Bagikan:

JAKARTA - Majelis hakim menepis pembelaan terdakwa Irfan Widyanto mengenai pengambilan dua DVR CCTV di pos keamanan Kompleks Polri, Duren Tiga, untuk mempermudah penyelidikan dan penyidikan penyebab tewasnya Yosua alias Brigadir J.

Menurut Hakim Ketua Afrizal Hadi, tindakan terdakwa Irfan Widyanto justru mempersulit proses penyidikan. Sebab, sebagai penyidik terdakwa memiliki pengetahuan soal dampak yang terjadi di balik pengambilan DVR CCTV tersebut.

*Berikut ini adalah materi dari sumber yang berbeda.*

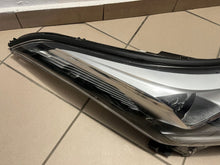 Laden Sie das Bild in den Galerie-Viewer, Frontscheinwerfer Toyota Chr 81110-F4170 Full LED Rechts Scheinwerfer Headlight SCH7783209511vu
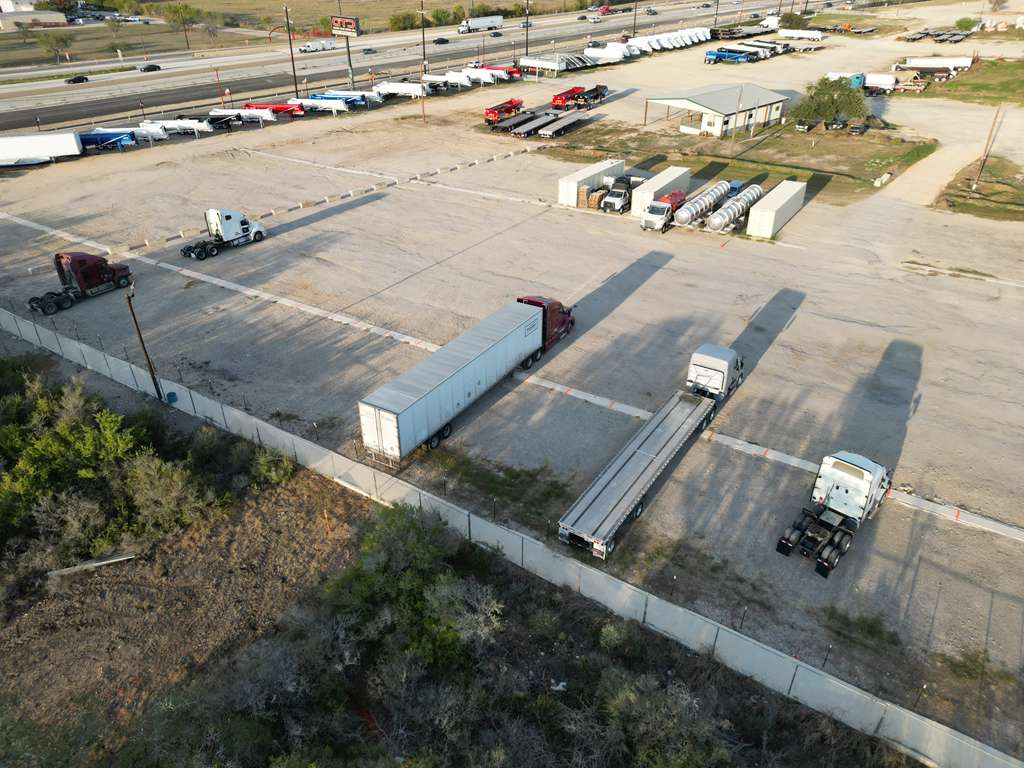 GTC Parking — photo 6 of 7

"Sebagai penyidik mempunyai pengetahuan akan perbuatan mengganti 2 unit DVR CCTV dengan 2 unit DVR yang baru dapat berakibat sistem elektronik dan atau merupakan sistem elektronik menjadi tidak bekerja sebagaimana mestinya," ujar Hakim Ketua Afrizal dalam persidangan di Pengadilan Negeri Jakarta Selatan, Jumat, 24 Februari.

Dengan adanya pengetahuan terdakwa soal dampak yang bakal terjadi tetapi tetap mengambil DVR CCTV tersebut, maka, diyakini unsur dengan sengaja telah terpenuhi.

Karena pertimbangan itulah, diputuskan alibi atau pembelaan dari Irfan Widyanto dan kuasa hukumnya mesti dikesampingkan.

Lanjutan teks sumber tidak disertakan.